Figure 1Absorption of haem and non-haem iron through the duodenal enterocyte. Non-haem absorption pathway: Ferric iron (Fe3+) is first reduced to ferrous iron (Fe2+) by the enzyme, Duodenal cytochrome B (DcytB). Fe2+ can then be absorbed across the apical surface via the divalent metal transporter 1 (DMT1) and exported via ferroportin. Haem absorption pathway: Haem iron is absorbed directly into the enterocyte through haem carrier protein (HCP1). Once inside the enterocyte, haem iron can either be released into plasma via the FLVCR1 receptor or be converted to Fe2+ through the enzyme haem oxidase (HO). Before exportation, Fe2+ is oxidized back to its Fe3+ form via Hephaestin. Hepcidin controls ferroportin and will inhibit iron export in the presence of inflammation. Facilitators of iron absorption include ascorbic acid, citrate and amino acids while inhibitors include phytate, tannins and antacids.
Characteristics of different intravenous iron preparations.
| Molecular Weight | Half-Life | Administration | Disadvantages/Risks | |
|---|---|---|---|---|
| HMW Dextran | 100–500 kDa | 3–4 days | Single dose | Anaphylactoid reaction |
| LMW Dextran | 73 kDa | 5–20 h | Maximum single infusion of 20 mg/kg over 4–6 h | Immunoglobulin-E mediated anaphylactoid reaction |
| Sucrose | 34–60 kDa | 5–6 h | Single infusion up to 200 mg over 30 min | Multiple sessions needed in severe anaemia |
| Carboxymaltose | 150 kDa | 7–12 h | Single dose infusion of 1000 mg over 15 min (max dose of 20 mg/kg) | Hypophosphataemia |
| Isomaltoside | 1000 kDa | 1–4 days | Limited data in IBD | |
| Gluconate | 37 kDa | 1 h | 8 infusions of 125 mg | Not currently for use in IBD |
| Ferumoxytol | 721 kDa | 14–21 h | 510 mg can be given in less than 1 min | High rate of adverse events |
HMW: high molecular weight; LMW: low molecular weight; IBD: inflammatory bowel disease; MRI: magnetic resonance imaging.

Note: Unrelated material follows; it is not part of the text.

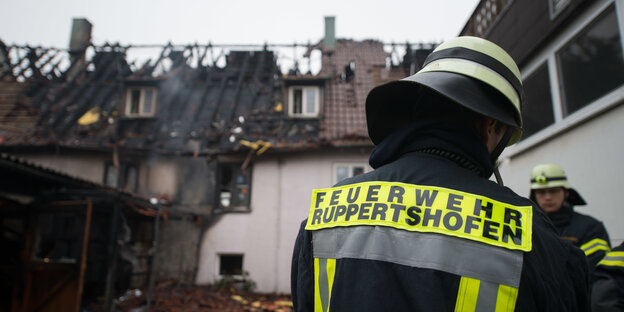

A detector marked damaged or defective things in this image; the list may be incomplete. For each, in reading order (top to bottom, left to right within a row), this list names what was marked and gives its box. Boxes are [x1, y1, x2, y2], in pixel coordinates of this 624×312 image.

damaged roof [0, 37, 434, 154]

Advantages and disadvantages between oral and intravenous iron.
| Oral Iron | IV Iron | |
|---|---|---|
| Choice of administration | Mild IDA (Hb > 100 g/L) | Severe anaemia (Hb < 100 g/L) |
| Pros | Greater availability | Bypasses GI tract absorption |
| Cons | Side effects with poor patient tolerance | Low bioavailability |
* Hypersensitivity risk rare in LMW (low molecular weight) dextran and newer IV formulations. IDA: iron deficiency anaemia; GI: gastrointestinal; Hb: haemoglobin; IBD: inflammatory bowel disease.